Are you actually aware of what is happening in the present?
These days, we are so caught up in the past or future, always thinking about our to-do list, unread emails, urgent text messages. It’s so easy to forget what we are doing right now.
That’s where the practice of yoga and meditation helps: I was at a vinyasa class the other night that started off with an introspective pose (child's pose or balanasa). As our heads lay softly on our mats and our bodies were curled underneath us, the teacher instructed us to let go of our thoughts and future plans. She suggested that we let them fade away to the side of our minds because, for the duration of class, we would not be worrying about them and anyway they’d still be there when it was done. For that period, I only needed to focus on the breath, each yoga move, the way my body felt.
This whole concept of “living in the moment” has been guiding the way I try to live ever since. I have been living with awareness and intention, moving from one moment to the next. It has helped me become more present, productive and in-tune with my intuition.
This more aware lifestyle has already impacted the way I make decisions: Instead of operating on autopilot, I question everything, asking things such as, “Is this what I want to be doing?” and “How does this make me feel today?” Just the intention of checking in with myself helps to bring me into the present moment.

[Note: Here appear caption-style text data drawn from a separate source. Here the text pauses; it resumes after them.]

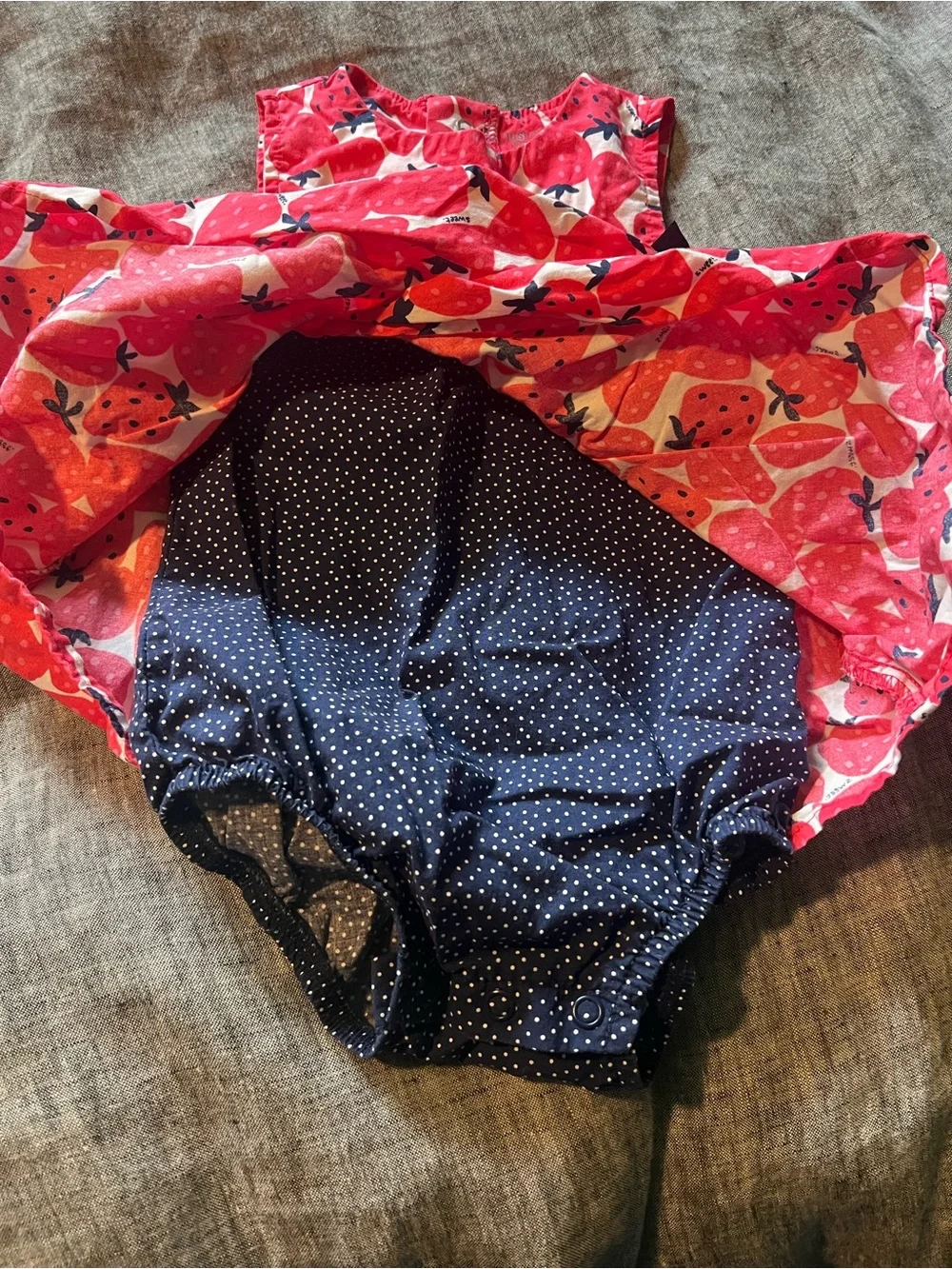Carter's Red and Navy Strawberry Print Dress with Bow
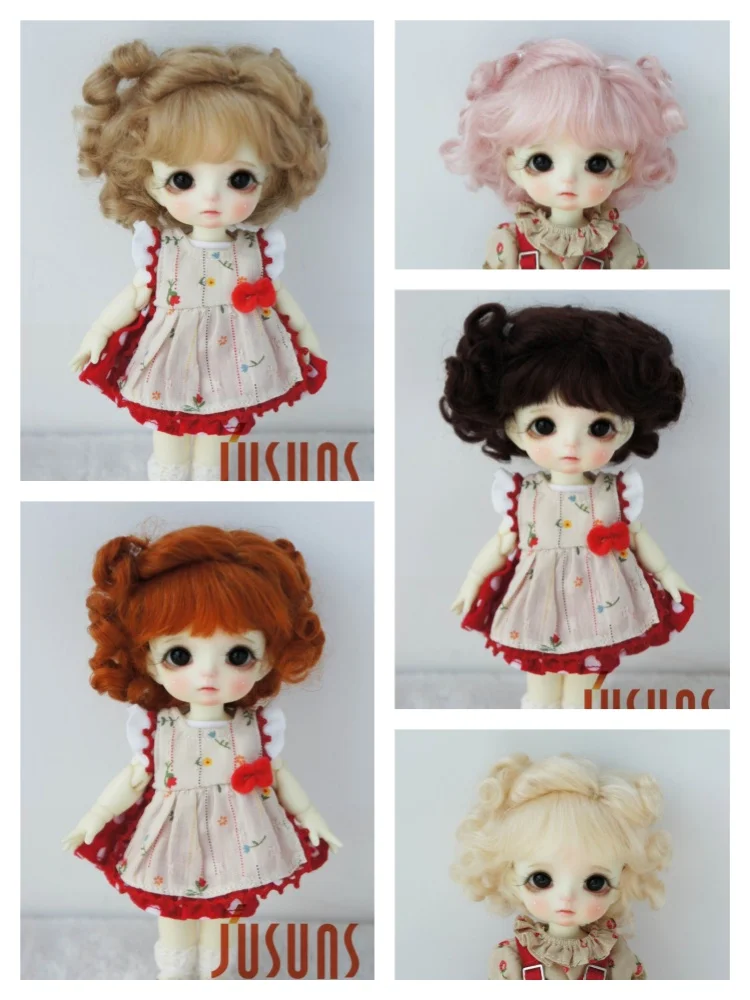 JD250 Popular Cute BJD Mohair Wig OB11 YOSD MSD SD Blythe Soft Wave Doll Hair From Size 5-6inch to 10-11inch Cheap Accessories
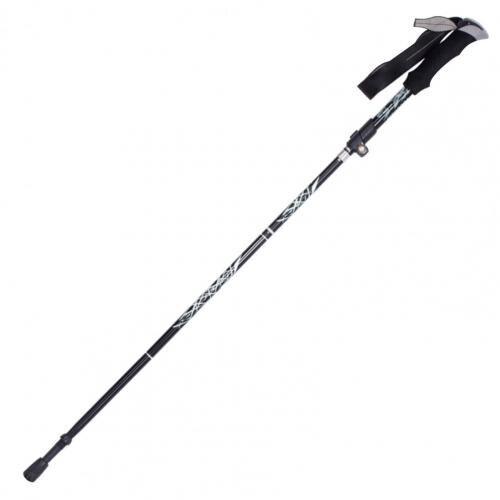 Auminum Alloy Telescopic Ultralight Trekking Pole Anti Shock Hike Folding Stick Trekking Pole Folding Stick: black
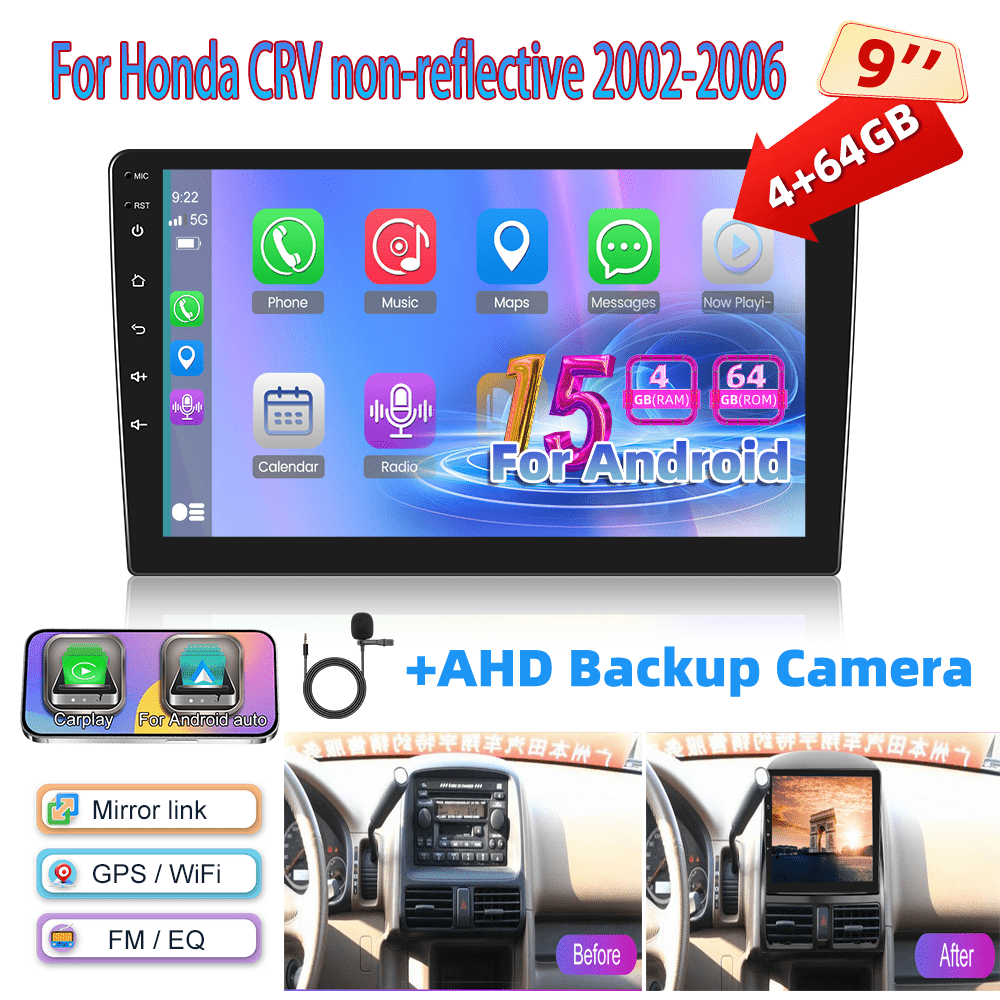 Android 15 Auto Multimedia – Car Stereo – Navigatiesysteem – Touchscreen Radio – Double Din Stereo – 9 Inch IPS Scherm – Draadloos CarPlay & Android Auto – Inclusief AHD Achteruitrijcamera & Stuurwielbediening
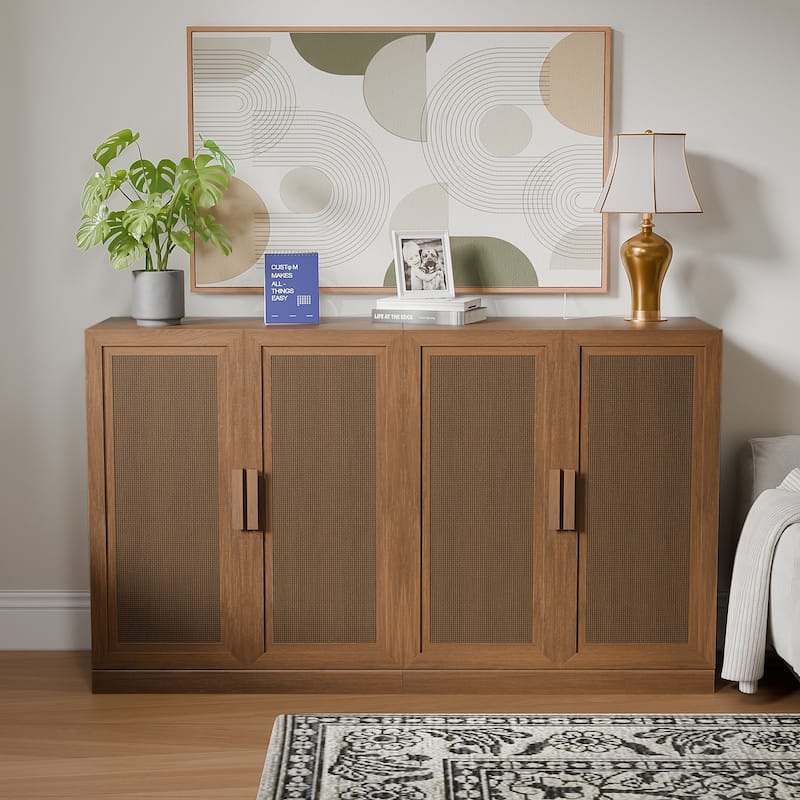 Dovelina Sideboard Buffet Storage Cabinets with Adjustable Shelves,Rattan Door - 72"Lx31"H - Walnut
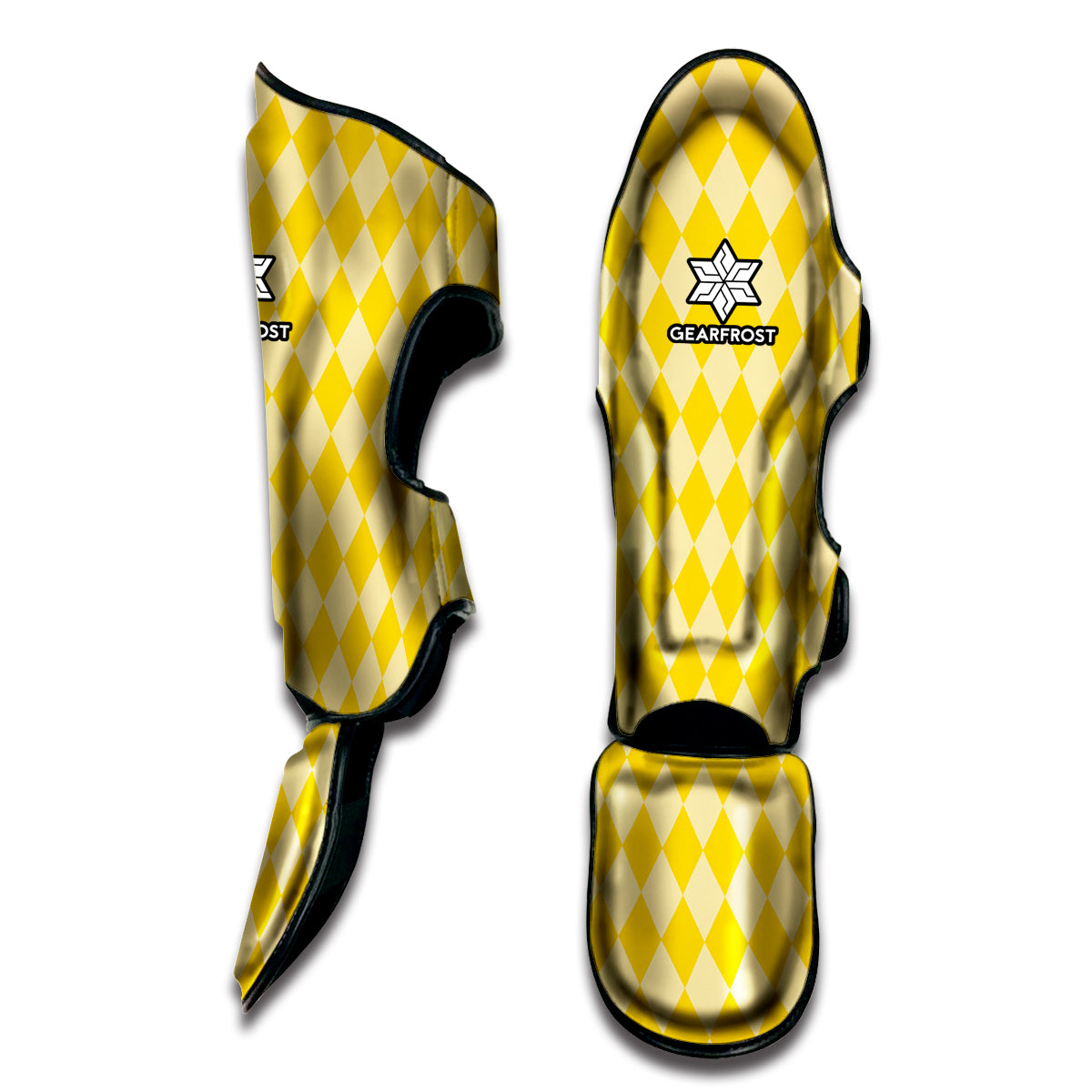 Yellow Harlequin Pattern Print Muay Thai Shin Guard
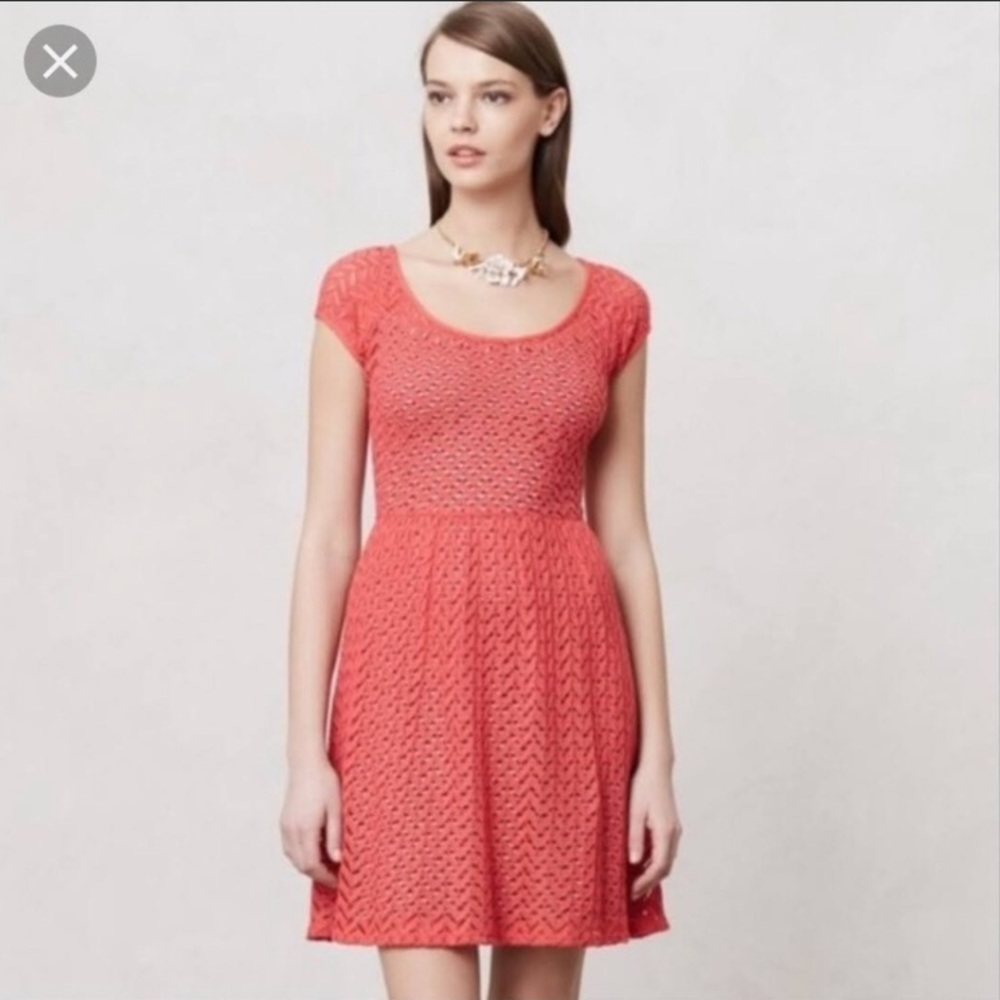 🎭ANTHROPOLOGIE🎭STRIPED MIRAGE CROCHET DRESS🎭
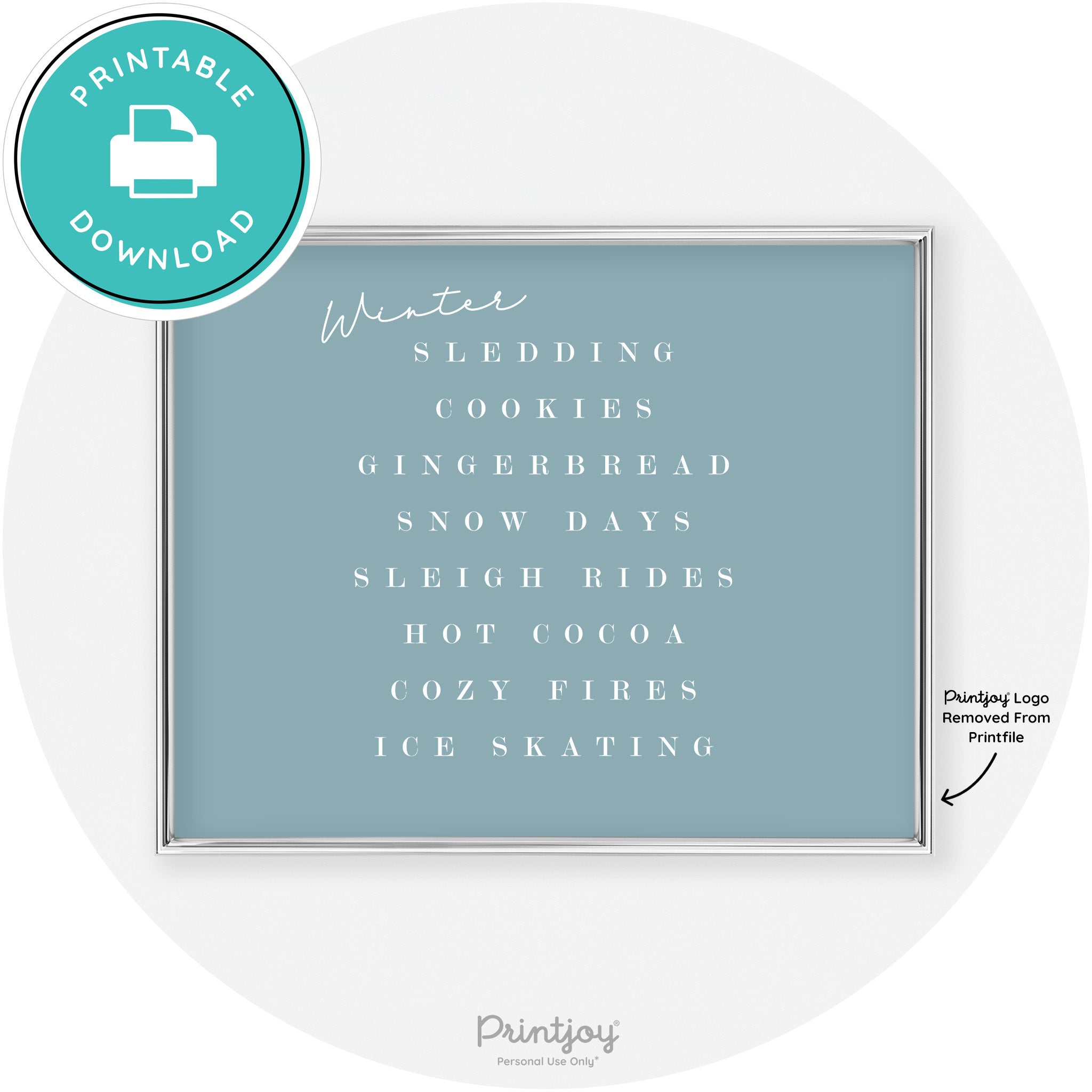 Winter Favorite Things Modern Chic Wall Art Decor Free Printable - Printjoy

Because what worked yesterday may not work today. Our bodies, minds, souls are evolving.
The first day after living with such awareness ended on a high note. I was in bed with a cup of peppermint tea, almond milk and a teaspoon of honey. (Local, raw, unfiltered honey releases melatonin in the brain, so it’s great to have before falling asleep.) I completed the majority of my to-do list—and not just completed it, but felt great about what I was putting out into the world.
But the best effect of this way of living has been how I end up caring for my friends and family better than I normally do. Interesting, right? I sent my friend that postcard that was sitting on my desk for weeks. I texted my friend right at midnight to wish her a “Happy Birthday.” I sent my family a link to an article that I thought would bring them some smiles. I asked my brother to go on a road trip with me during the holidays. I bought my best friends a bottle of my favorite organic oils. (Yes, go buy some!) I called my mom. I bought a train ticket to visit my friends in Boston next month. The list goes on.
Living in the moment allows me to be more present for them. And being present for them makes me more appreciative of the important things in life.
The quality of our lives is directly connected to the relationships we have with ourselves and others. Living in the moment makes these relationships stronger and healthier. All it requires is taking a beat to check in with ourselves and listen to what our minds, bodies and souls need right this second. In the present moment. Right now.